There's a very "fundamental right we all have: the right to self defense against those trying to do us harm, or those we believe are trying to do us harm," Icenhauer-Ramirez argued. And Wagner "doesn't give up that right to self-defense" just because he's a cop on the beat. Indeed, Icenhauer-Ramirez argued not only that Wagner had the right to protect himself, but the duty to defend Rodriguez who he saw go down before opening fire.

That may be the case, but only if Wagner or Rodriguez had been injured, or were in danger of being injured and that's not what happened, Loewy asserted. Rodriguez was not injured by the car, he argued. Rodriguez had previously injured his Achilles some weeks before and Loewy contends that in moving aside as Webb drove the car past him that night, Rodriguez somehow re-injured his ankle. He pointed to a photo of Rodriguez taken at Brackenridge the night of the shooting that depicts Rodriguez sitting on the edge of a hospital bed, his right ankle wrapped in gauze, but otherwise appearing free of bruises, scratches, or of dirt or asphalt marks although Rodriguez said he was knocked to the ground. Moreover, the hospital report noted only that Rodriguez had a hurt ankle, for which he should take Motrin, Loewy said.
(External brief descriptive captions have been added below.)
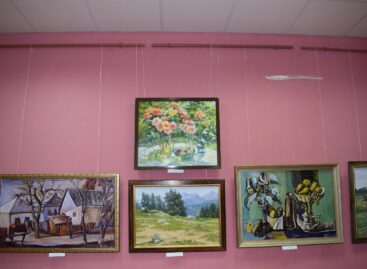 В канун Дня города в Сальском художественном музее им. В.К. Нечитайло открылась юбилейная, 65-я, выставка «Наш край степной».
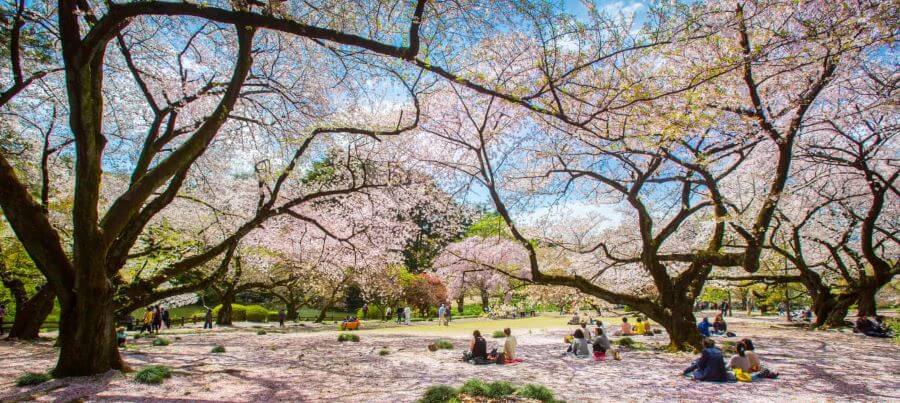 Mỗi một địa điểm ngắm hoa anh đào tại Tokyo đều mang một nét đẹp riêng, hứa hẹn mang đến cho du khách những trải nghiệm khó quên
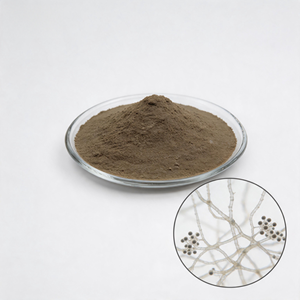 Solution de contrôle biologique des maladies de reprise de croissance et des nématodes à nœuds raciaux pour une culture continue et un système racinaire robuste - Product Image 1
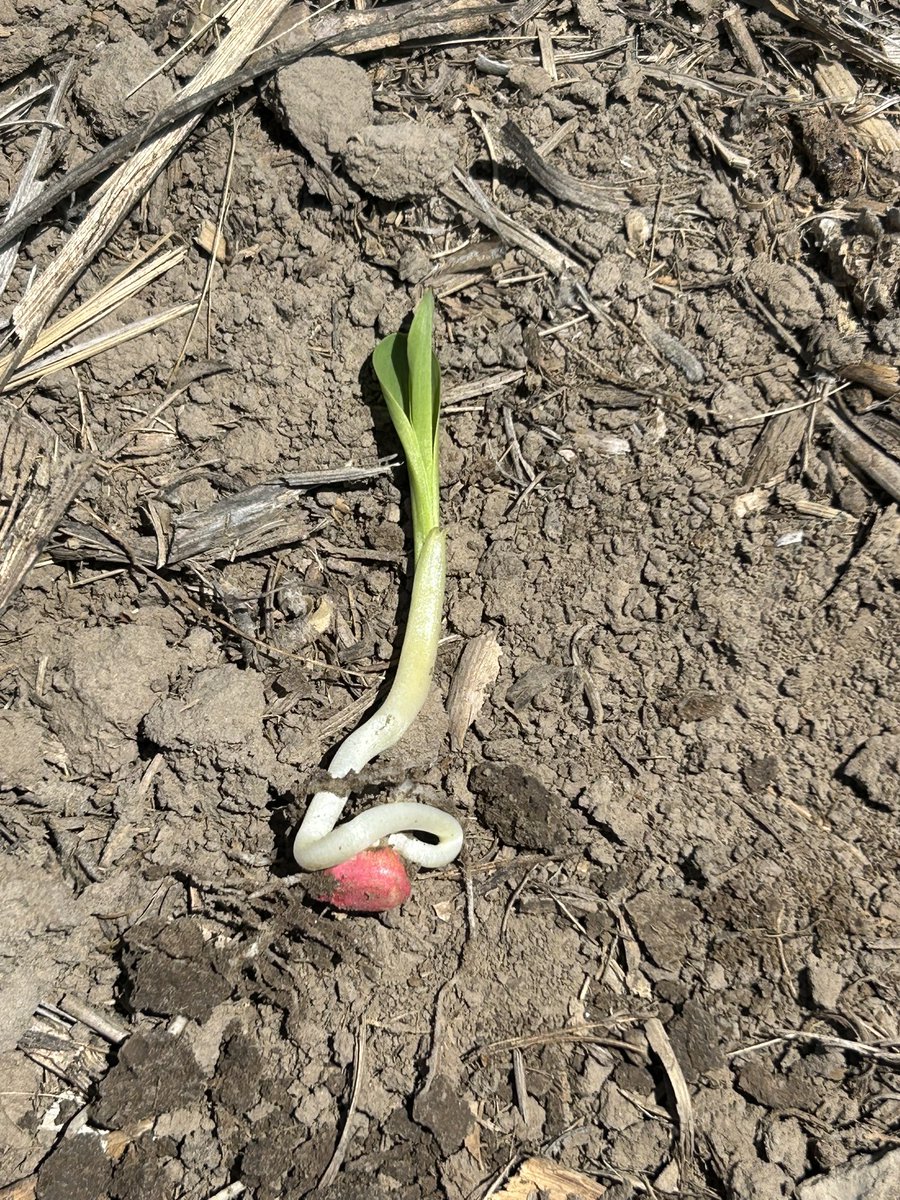 Garrett Kennedy tweet media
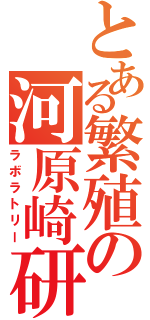 とある繁殖の河原崎研（ラボラトリー）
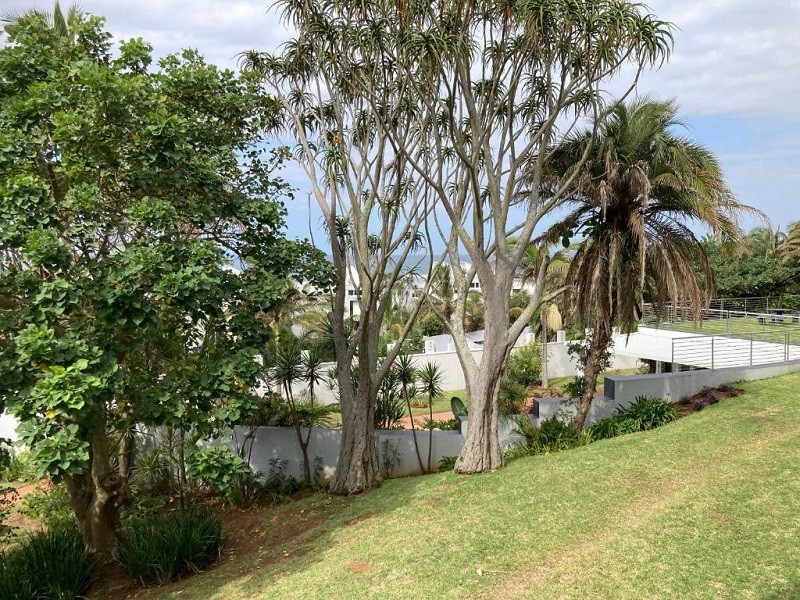 My Travelution - Travel Club - Cozy, 2 bedroom beachfront apartment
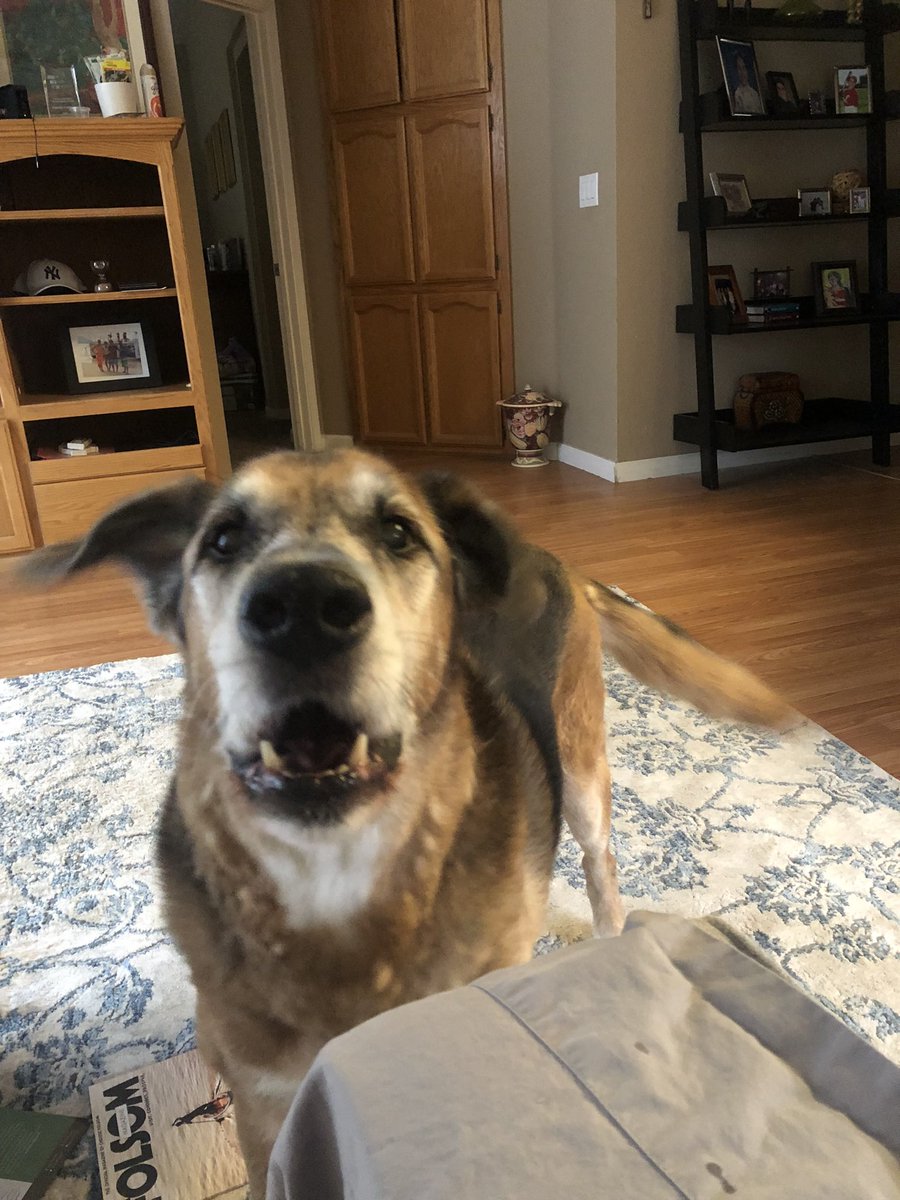 ButchandM's tweet photo. @Louise3Katlin Butchy has something to say! https://t.co/ITHnh18K1m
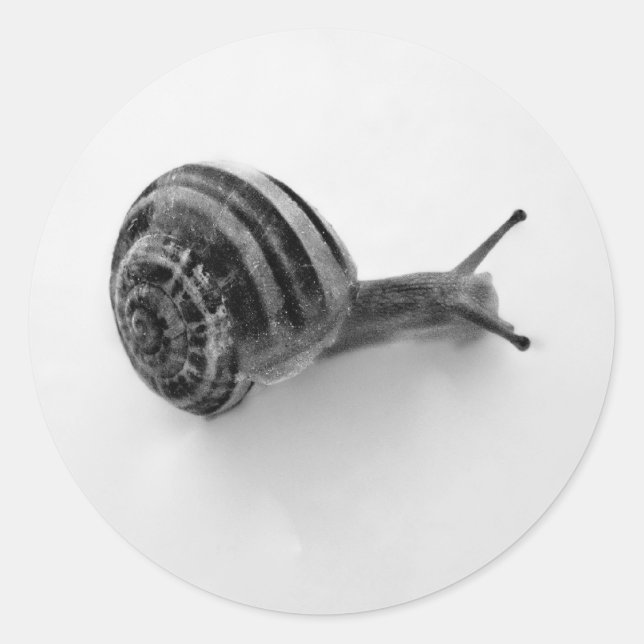 Schnecke Runder Aufkleber (Vorderseite)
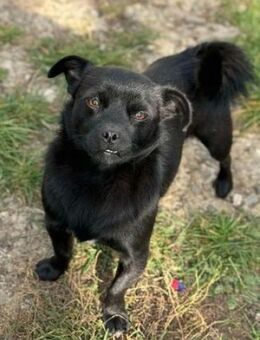 STROLCH sucht einfühlsames Zuhause - - Kempen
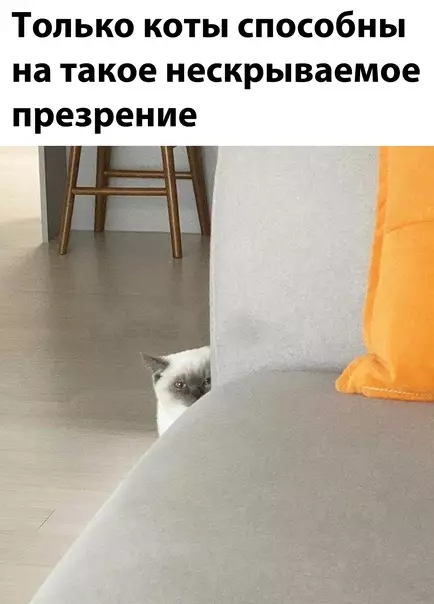 Смешная картинка №567655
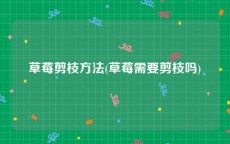 草莓剪枝方法(草莓需要剪枝吗)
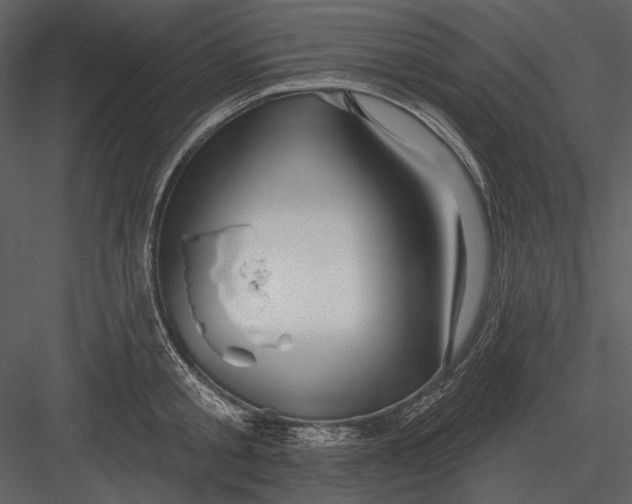 X0000082930805200702222218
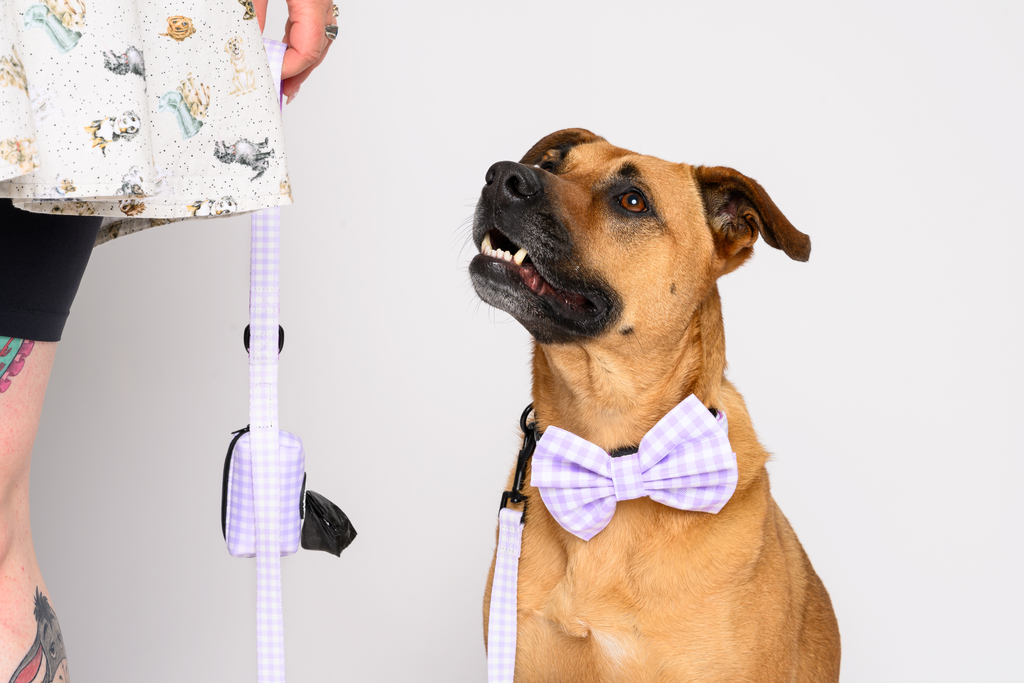 Match My Dog Set in Purple Gingham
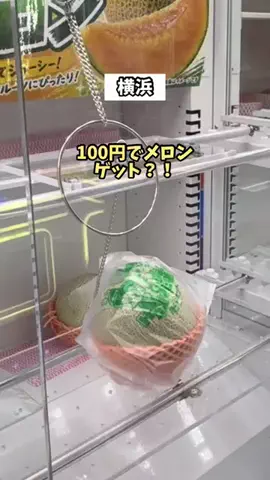 神奈川情報局のTikTok投稿
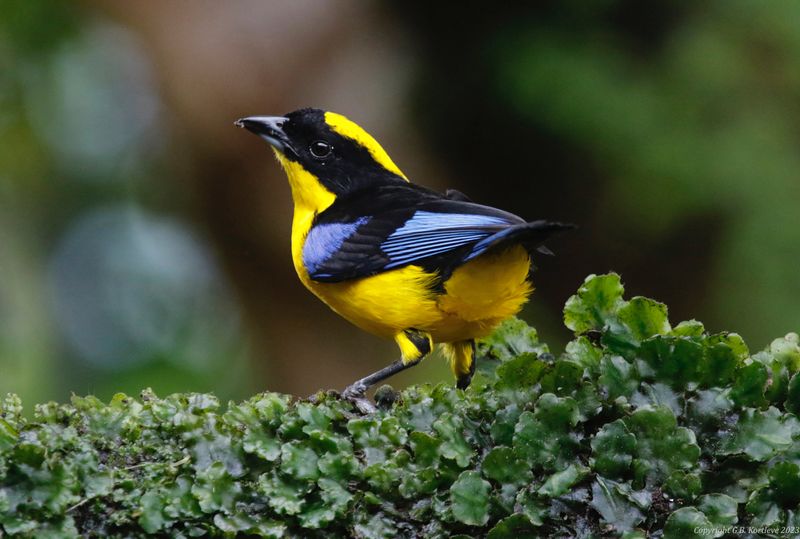 Blue-winged Mountain Tanager (Anisognathus somptuosus) San Felipe Birding, Valle del Cauca, Colombia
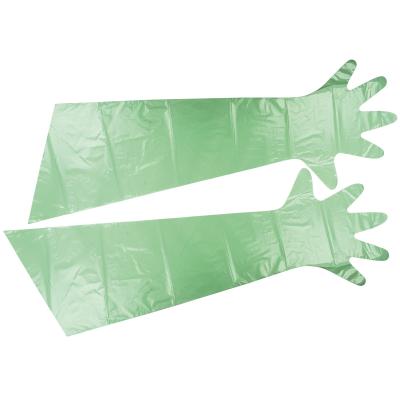 Tunze-Protective-gloves-0220.510-optimized.jpg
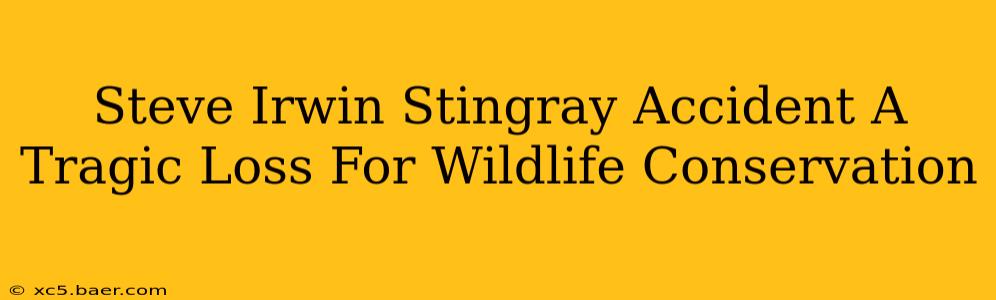 Steve Irwin Stingray Accident A Tragic Loss For Wildlife Conservation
The notion that Rodriguez was injured was a lie concocted by the officers and the APD in order to justify the actions of a rogue officer firing into a car simply to stop it, Loewy asserted. "It is against all police procedure, it is against all common sense, and it is why Byron Carter, the passenger" in the car was killed that night, he said.

Actually, Icenhauer-Ramirez argued, it was Carter and Webb's fault that the interaction went sideways – imploring the jury to not hold it against his client if they were offended by his straightforward assertion: "A tragedy is a misfortune that somehow befalls someone," he said. "These two men decided to do what they did" to pull away from the curb quickly – prompted by Carter's admonition to Webb that he "Go!" – and to aim the vehicle directly for two police, putting the cops – and themselves – into harm's way.

According to the defense, Webb and Carter were more likely up to no good that night. As they sat in the car before, with the a/c on Carter suddenly yelled "Go!" because he knew that he and Webb were in danger of being caught doing something wrong, the defense has asserted. Found on Carter's lap that night was a pile of cash, in small denominations, Icenhauer-Ramirez noted during closing – and the jury should use common sense to deduce where it came from. "It can't be a tragedy if you know [what you're doing] before you do it," he said.